The following information was provided by the licensee via facsimile:

"While withdrawing Control Bank 'A' during the Reactor Startup, Rod B-10 indicated a rapid drop from approximately 42 steps to 17 steps on the CERPI (Computer Enhanced Rod Position Indication) panel. The reactor operator stopped withdrawal of 'A' control bank and the CERPI indication for rod B-10 remained at 17 steps. The remaining CERPIs in 'A' control bank varied from 40 to 45 steps.

"The startup was terminated and the reactor was manually tripped in accordance with AP-1 and 1-E-0 [was] initiated. All systems functioned as required on the trip. Initial investigation by I & C and Engineering found no problems with the CERPI indication. Rod Drop time data from the CERPI program shows all rods in Control Bank 'A' had a drop time of 0.32 to 0.38 seconds with the exception of B-10, which had a drop time of 0.18 seconds.

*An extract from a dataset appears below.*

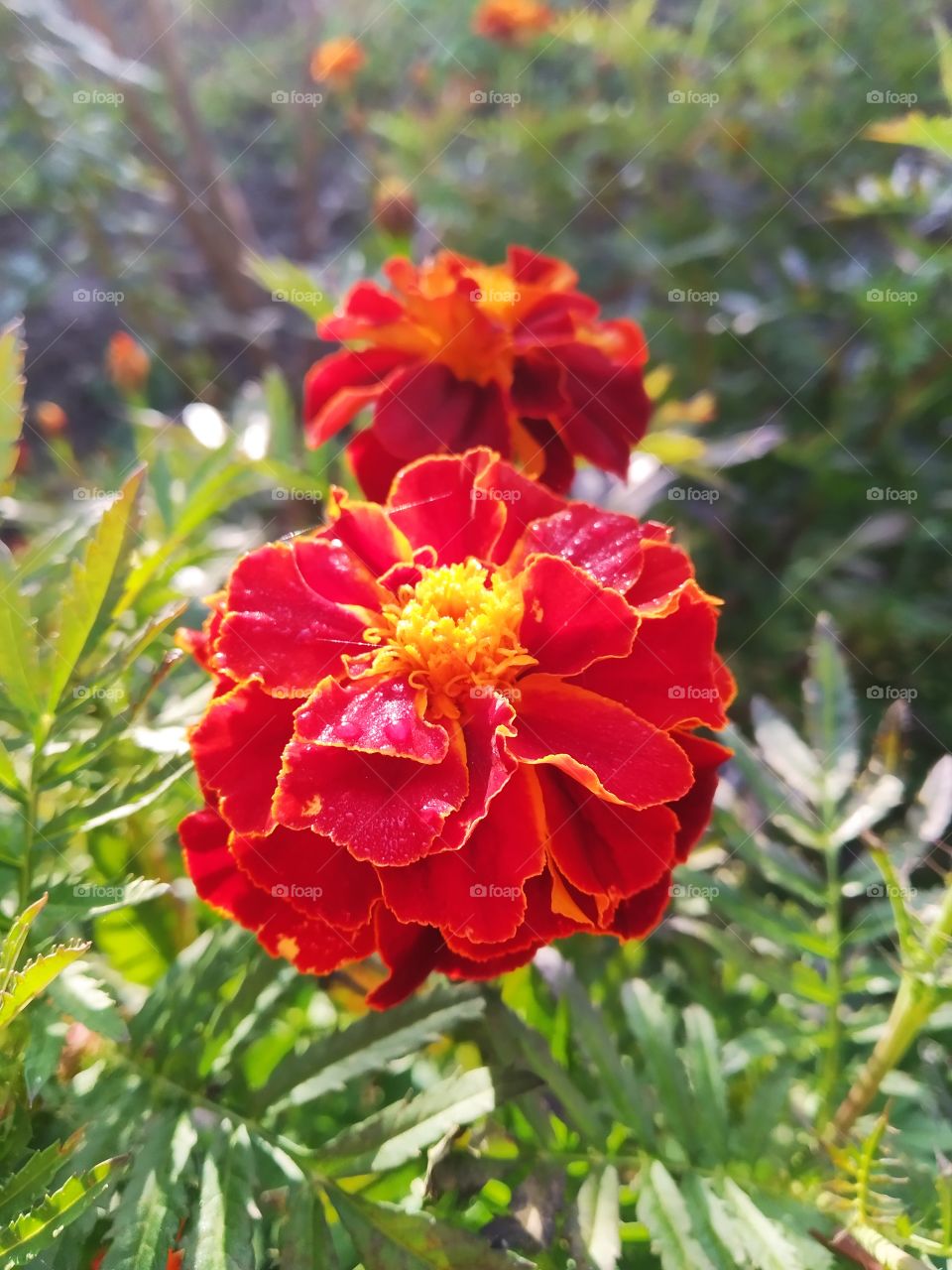 marigold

" An investigation is ongoing as to the cause of rod B-10 misalignment.

"This notification is being made pursuant to 10 CFR 50.72(b)(3)(iv)(A). The NRC resident was notified of this event."

The reactor was subcritical in the Source Range at the initiation of the event. All rods inserted fully during the manual reactor trip. S/G level is being maintained by main feedwater and decay heat removal is via the S/G PORV.